**Work required**
From the line containing "Seamless pattern of" to the line containing "Skull,Realistic, Crystal Healing" in the entries below, reproduce every line exactly, ends included. Nothing else belongs in the copy, and no pictures.

START Extracted entries

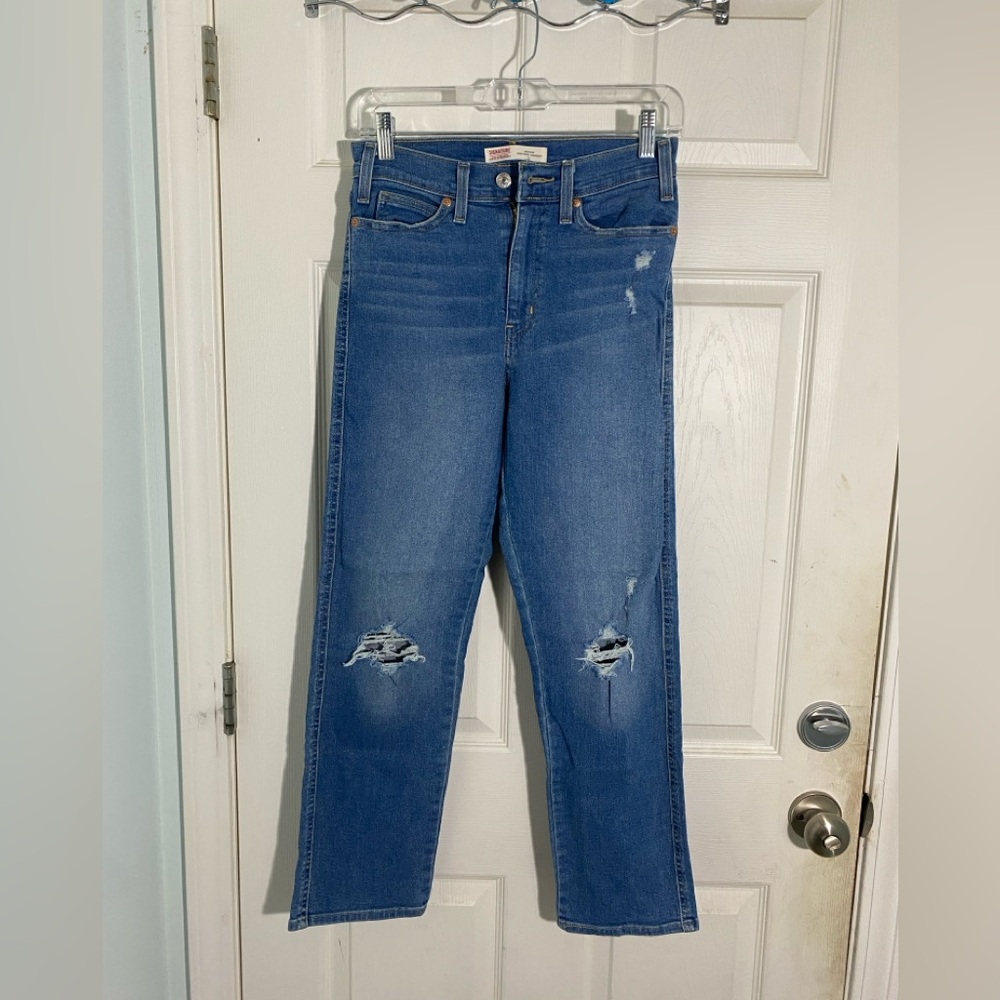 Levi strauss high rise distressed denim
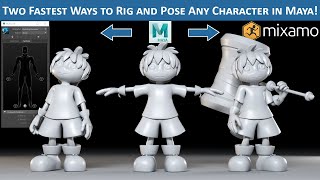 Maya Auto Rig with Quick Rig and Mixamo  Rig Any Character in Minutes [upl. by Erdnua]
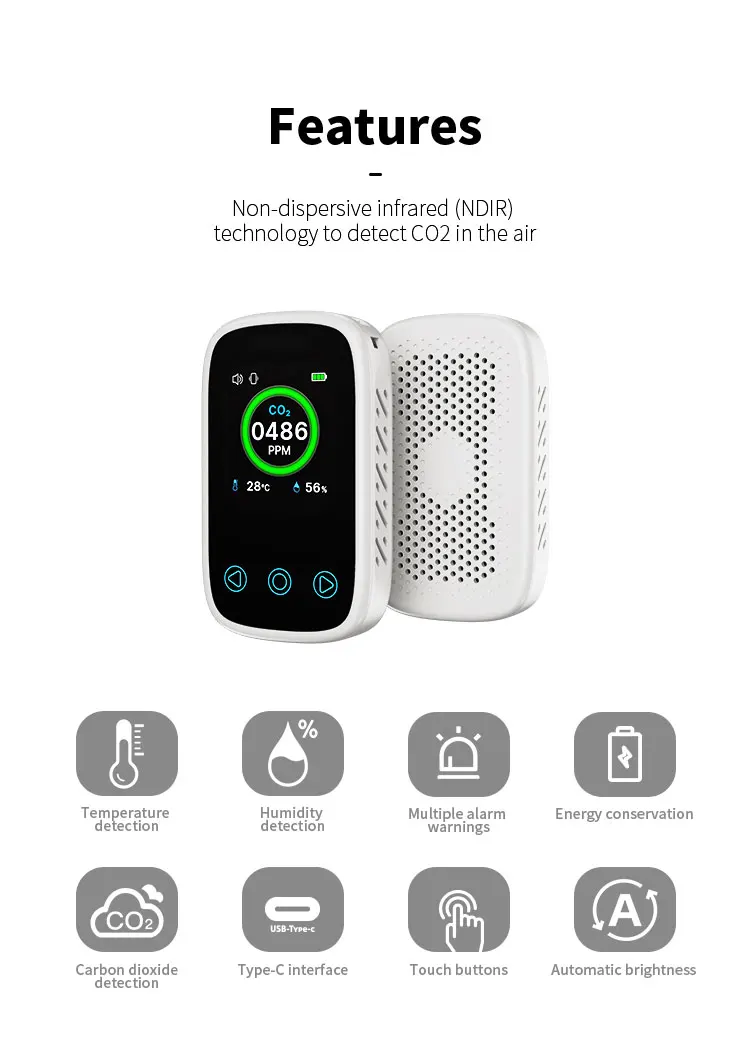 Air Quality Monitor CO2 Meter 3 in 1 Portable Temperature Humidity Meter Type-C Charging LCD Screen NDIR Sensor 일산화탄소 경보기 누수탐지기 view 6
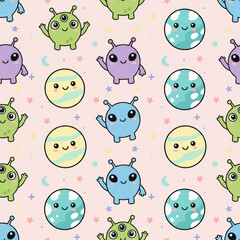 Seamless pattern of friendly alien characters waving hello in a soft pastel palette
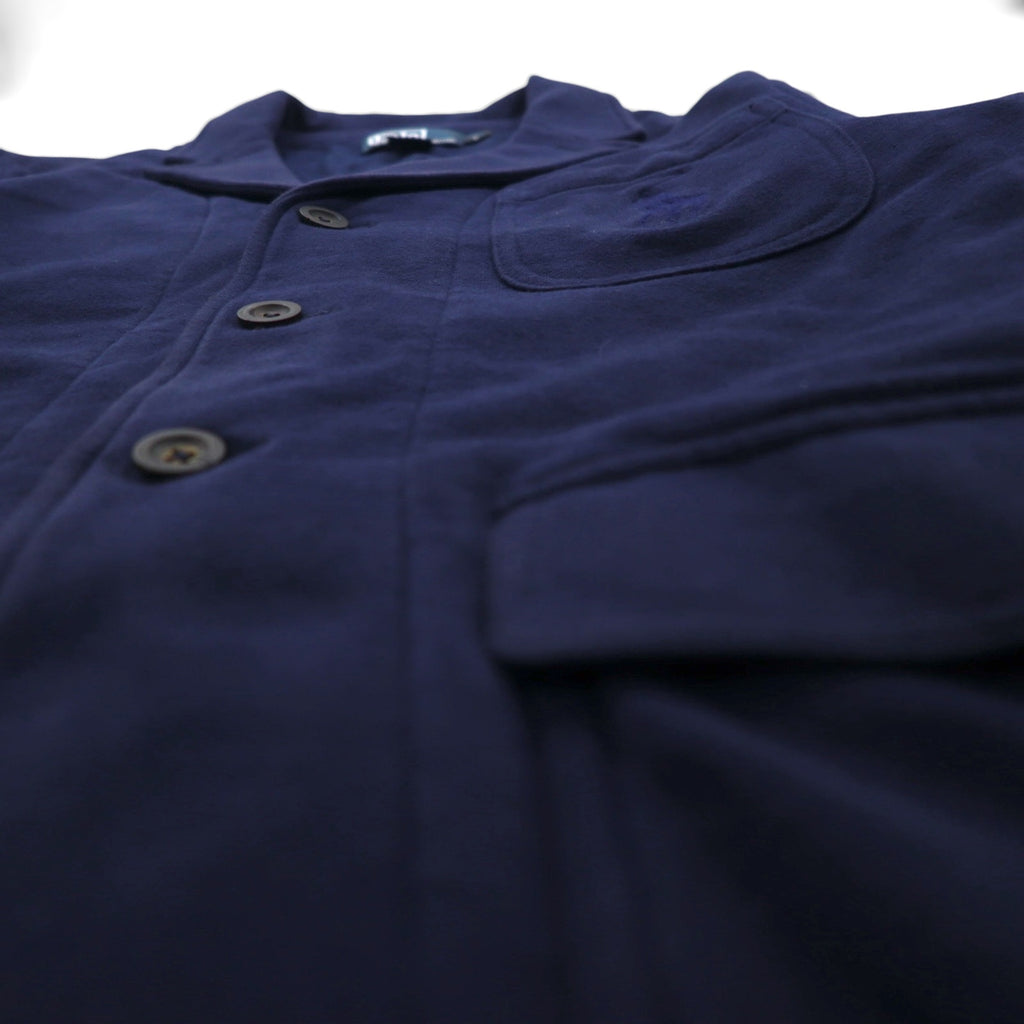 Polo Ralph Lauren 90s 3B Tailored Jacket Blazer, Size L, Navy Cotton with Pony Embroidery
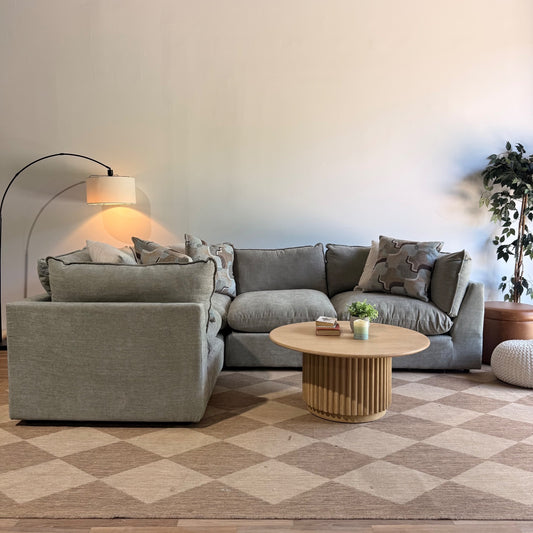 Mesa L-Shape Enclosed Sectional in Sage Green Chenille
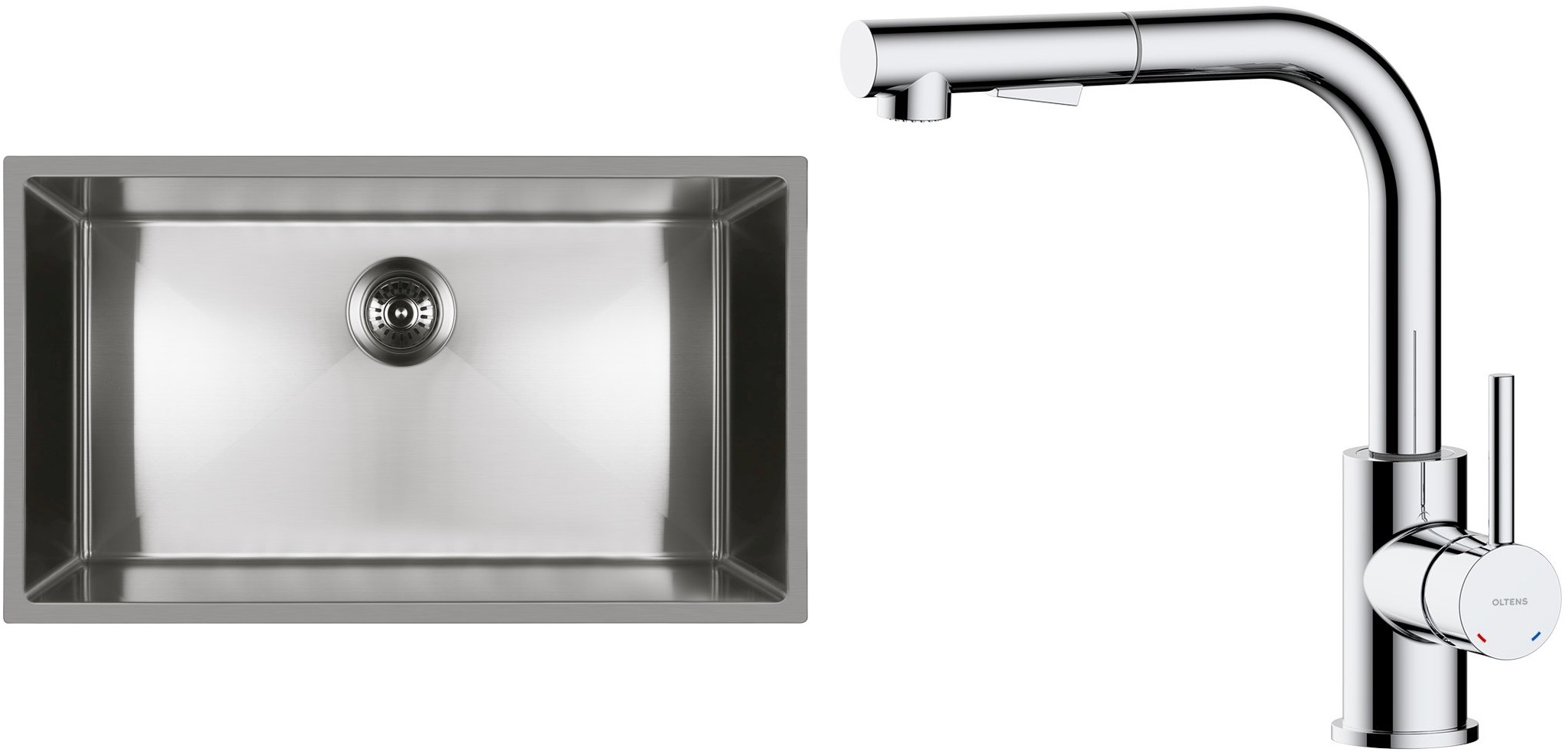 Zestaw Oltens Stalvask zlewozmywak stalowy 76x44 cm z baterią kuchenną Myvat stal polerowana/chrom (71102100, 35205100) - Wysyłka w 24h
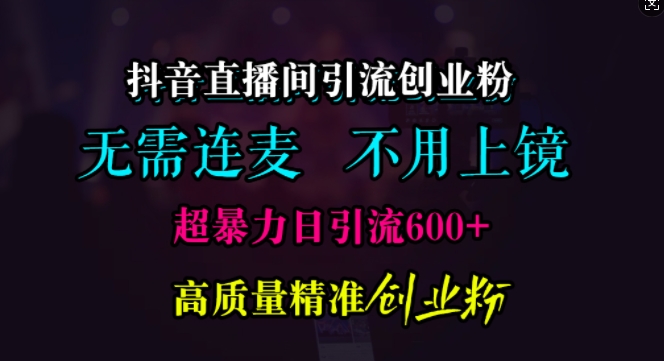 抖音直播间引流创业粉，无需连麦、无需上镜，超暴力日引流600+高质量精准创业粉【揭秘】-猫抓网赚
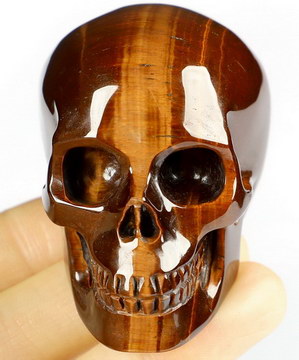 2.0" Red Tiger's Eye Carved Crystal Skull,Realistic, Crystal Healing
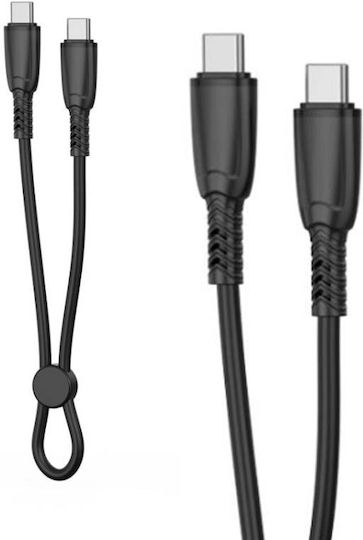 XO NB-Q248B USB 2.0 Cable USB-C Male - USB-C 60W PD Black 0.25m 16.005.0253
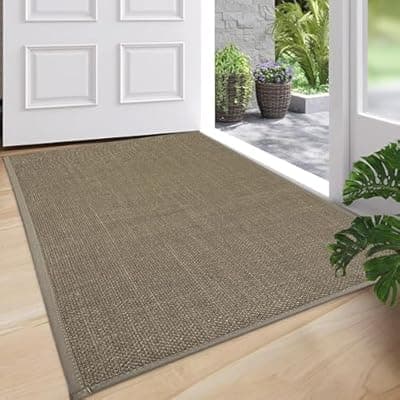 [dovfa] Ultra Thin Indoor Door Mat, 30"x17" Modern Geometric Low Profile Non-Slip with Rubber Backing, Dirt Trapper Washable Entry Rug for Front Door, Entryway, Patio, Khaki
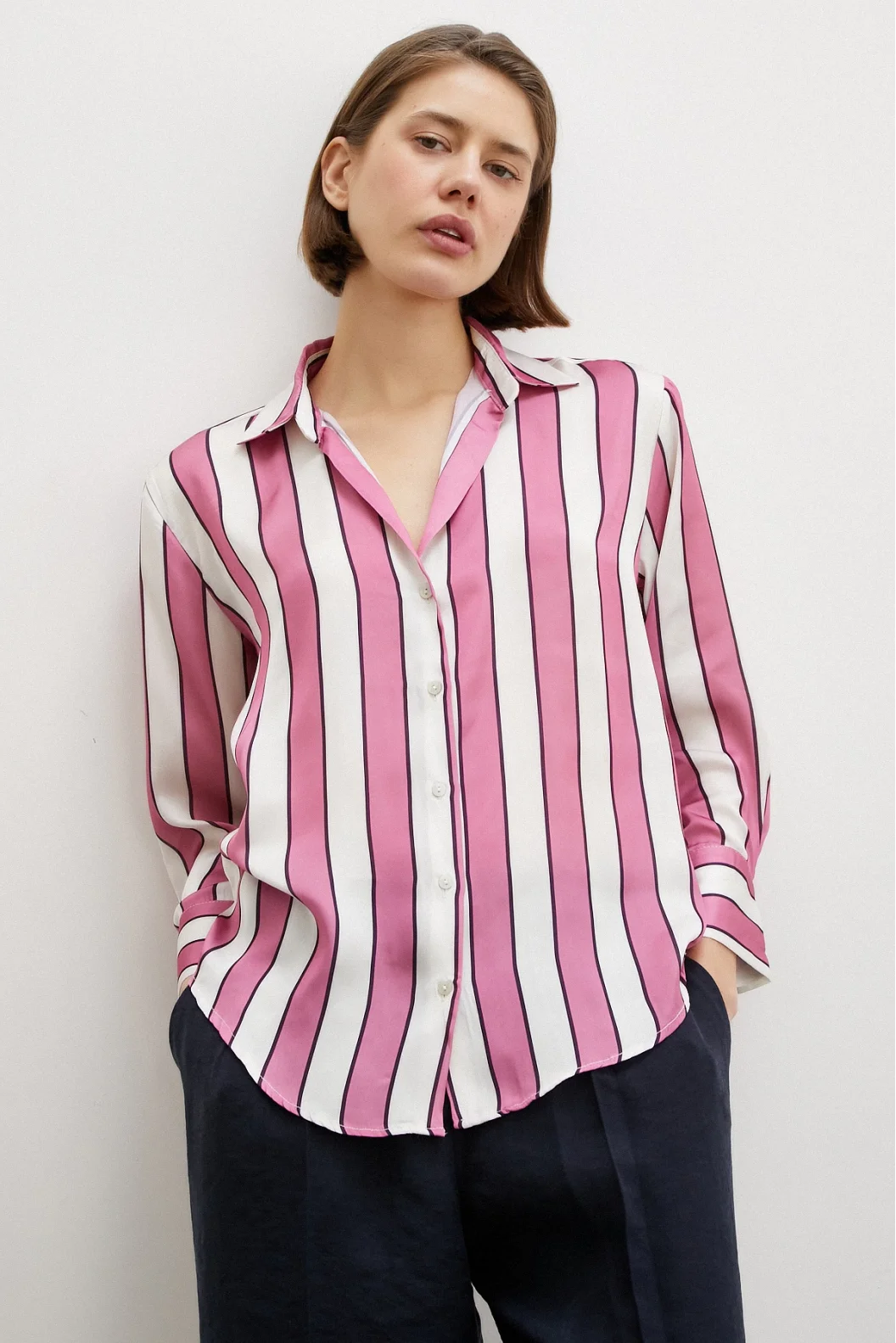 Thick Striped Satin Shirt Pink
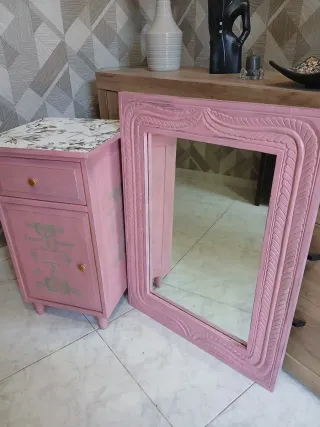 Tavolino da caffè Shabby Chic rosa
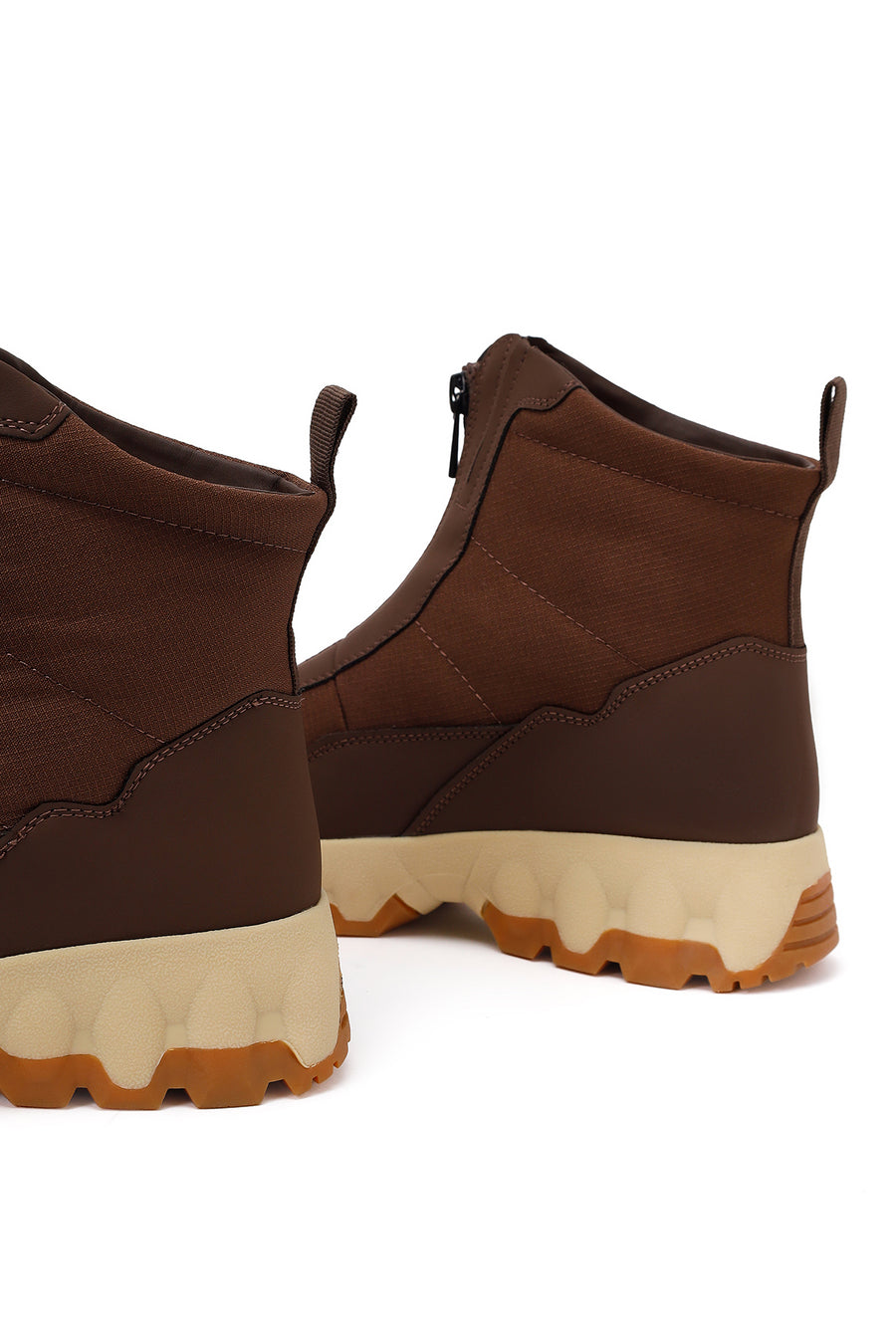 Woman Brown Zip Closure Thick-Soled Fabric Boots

END Extracted entries

**Reply**
 Seamless pattern of friendly alien characters waving hello in a soft pastel palette
 Polo Ralph Lauren 90s 3B Tailored Jacket Blazer, Size L, Navy Cotton with Pony Embroidery
 Mesa L-Shape Enclosed Sectional in Sage Green Chenille
 Zestaw Oltens Stalvask zlewozmywak stalowy 76x44 cm z baterią kuchenną Myvat stal polerowana/chrom (71102100, 35205100) - Wysyłka w 24h
 抖音直播间引流创业粉，无需连麦、无需上镜，超暴力日引流600+高质量精准创业粉【揭秘】-猫抓网赚
 2.0" Red Tiger's Eye Carved Crystal Skull,Realistic, Crystal Healing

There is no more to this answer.